Their first garden, Marion Street Community Garden at 301 N. Marion St., offers garden plots to members of the community in exchange for a small amount of rent. Kunath said the rent basically pays the water bills. It currently has 22 raised beds.

Last year, the Marion Street Community Garden had five or six neighborhood families rent space and another three or four who lived outside the neighborhood. A youth group also used several spaces in the garden. Common Greens is planning to install a rainwater collection system and plant some fruit trees.

“In the spirit of ‘Can you Dig This,’ we’d like to get local folks involved,” Kunath said.

Kunath said volunteers are needed at both gardens. The work of clearing at Birch Street Community Garden has already begun.

“They can basically volunteer with us and we will provide the space for them to garden,” Kunath said.

Marion Street is set up for renting.

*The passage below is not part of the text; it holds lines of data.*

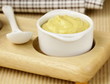 French mustard sauce in white gravy boat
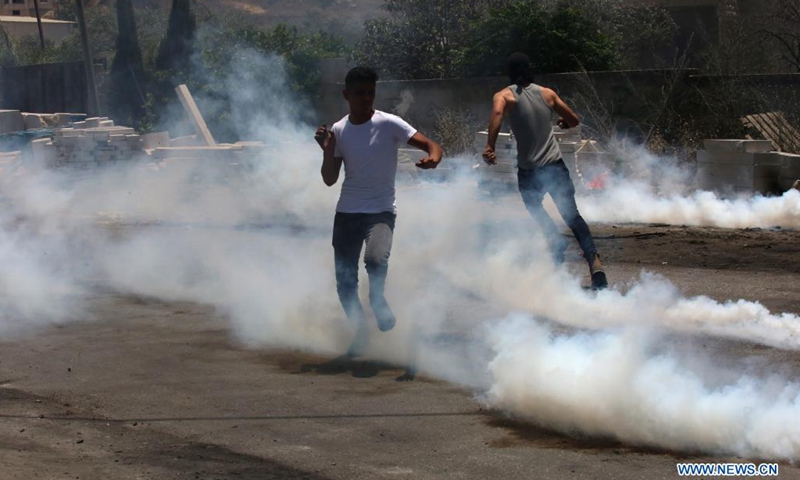 Palestinian protesters run to take cover from tear gas canisters fired by Israeli security forces during a protest against the expanding of Jewish settlements and the Israeli annexation plan in the village of Beita, south of the West Bank city of Nablus, on June 8, 2021.(Photo: Xinhua)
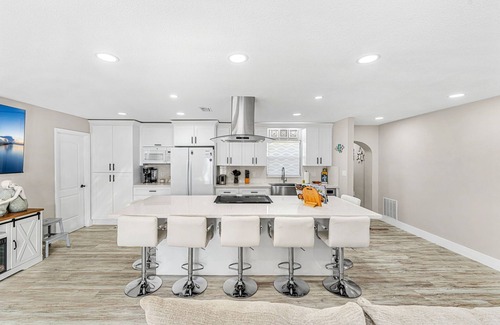 Cocoa Beach House | Spacious Home w/Private BBQ Backyard Oasis, Bikes & Games – Walk to the Beach!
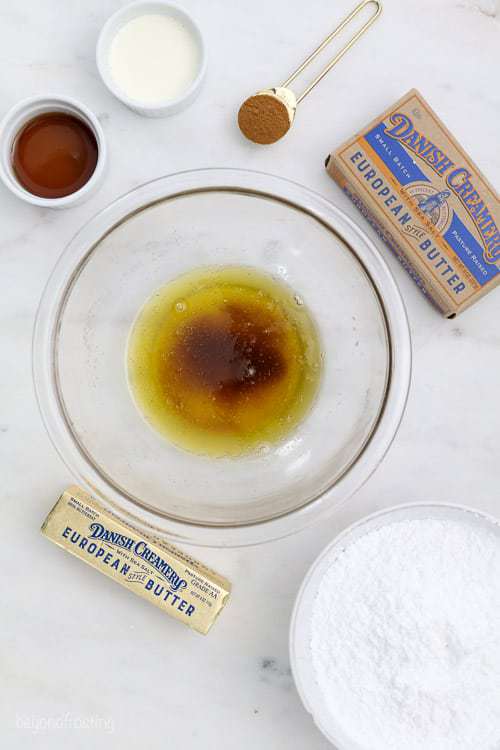Una toma superior de un tazón de vidrio lleno de mantequilla marrón y varios ingredientes que rodean el tazón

A household can have more than one plot if all of the plots are not claimed.

“Both gardens are previously owned by the city. It is our second successful attempt to convert vacant land,” Kunath said. “We hope to maintain good relationship with the city.”

To volunteer or for more information, contact Kunath at [email protected] or call 618-303-0703.

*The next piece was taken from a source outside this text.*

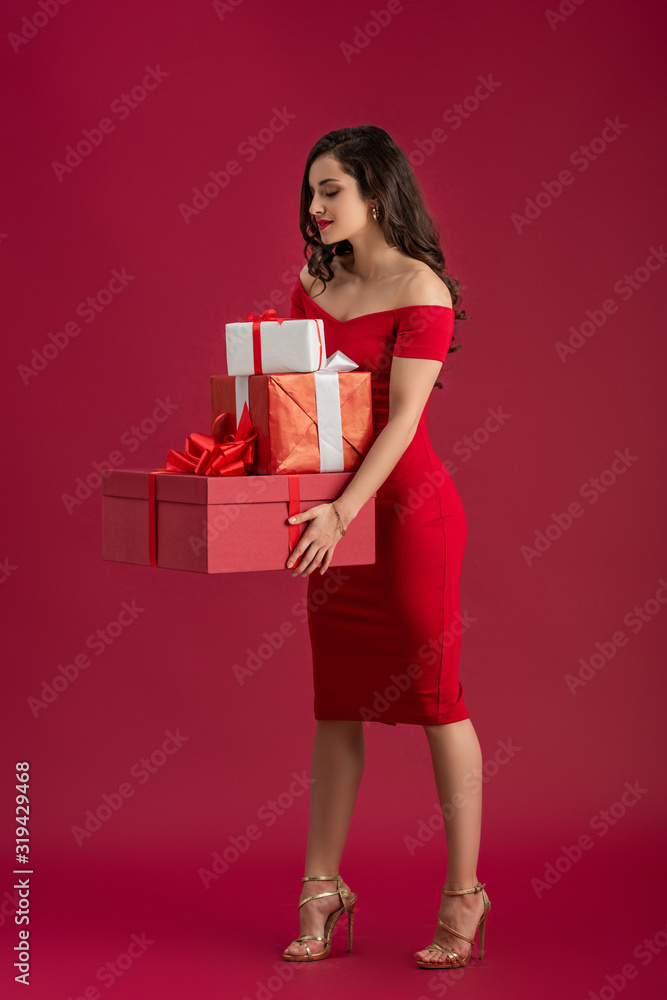 sexy, elegant girl holding gift boxes and smiling while standing on red background sexy, elegant girl holding gift boxes and smiling while standing on red background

Flyover Community Gardens offers volunteers a chance to work in exchange for produce. Volunteers work in the garden throughout the growing season, and they will receive a share of fresh produce.

The garden includes 15 raised beds and a food forest. The raised beds follow a hugelkultur model, meaning the beds are raised by burying logs and covering them with soil and mulch.

The garden group meets Sundays at Flyover Infospace across the street from the garden.

Orlan and Chastity Mays of Mustard Seed Sowers Urban Farm use their community garden to educate the public about gardening in general, as well as sustainable gardening techniques.

Because the garden is located in a neighborhood, a lot of people stop to admire the garden and ask questions.

“We don’t have where you can rent space. People can come, see what we are doing and ask questions,” Chastity Mays said. “We are in the community and want to start the conversation. They can come to us any time and we will teach them about sustainable growing.”

Mays said they saw the empty lot seven years ago and wanted to get their own garden plot and grow their own food. The couple is committed to using no chemicals or machinery in their garden. They wanted to show people that gardening does not require fancy equipment. The garden now has a hoop house, too.

“Orlan is the one who grows all the food,” she said. “He does all the hard work.”

The couple also works with children a lot, mostly through a literacy program. They have been coming to the garden once a week to work and will be responsible for growing their own food.

“Teaching them at a young age is important, and teaching about the health benefits of fresh vegetables. They will be able to do this on their own,” Mays said.

The Mays sell their produce at the winter indoor farmers market on Saturday mornings in Carbondale Community High School. On April 20, the market will move to an outdoor spot in the heart of Carbondale.

For the Mays, the best judge of their success is their influence.

“We had a neighbor who had never eaten kale, but he watched us grow it for several years. He asked about it, and we gave him some. He now eats kale on a regular basis,” Mays said.